Hector Zurita, Paul L. C. Feyen, Alfonso Junior Apicella

Abstract

Previous studies have shown that parvalbumin-expressing neurons (CC-Parv neurons) connect the two hemispheres of motor and sensory areas via the corpus callosum, and are a functional part of the cortical circuit. Here we test the hypothesis that layer 5 CC-Parv neurons possess anatomical and molecular mechanisms which dampen excitability and modulate the gating of interhemispheric inhibition. In order to investigate this hypothesis we use viral tracing to determine the anatomical and electrophysiological properties of layer 5 CC-Parv and parvalbumin-expressing (Parv) neurons of the mouse auditory cortex (AC). Here we show that layer 5 CC-Parv neurons had larger dendritic fields characterized by longer dendrites that branched farther from the soma, whereas layer 5 Parv neurons had smaller dendritic fields characterized by shorter dendrites that branched nearer to the soma.
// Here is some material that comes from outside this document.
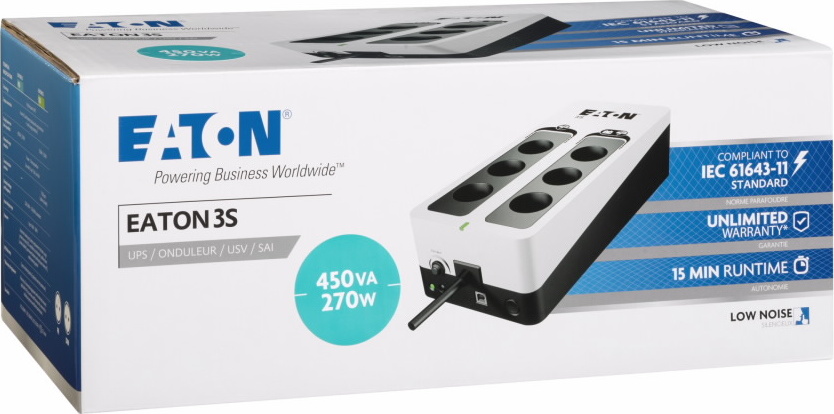 Eaton 3S 450 FR, UPS 450VA / 270W, 6 zásuviek (3 zálohované), slovenské zásuvky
The layer 5 CC-Parv neurons are characterized by delayed action potential (AP) responses to threshold currents, lower firing rates, and lower instantaneous frequencies compared to the layer 5 Parv neurons. Kv1.1 containing K+ channels are the main source of the AP repolarization of the layer 5 CC-Parv and have a major role in determining both the spike delayed response, firing rate and instantaneous frequency of these neurons.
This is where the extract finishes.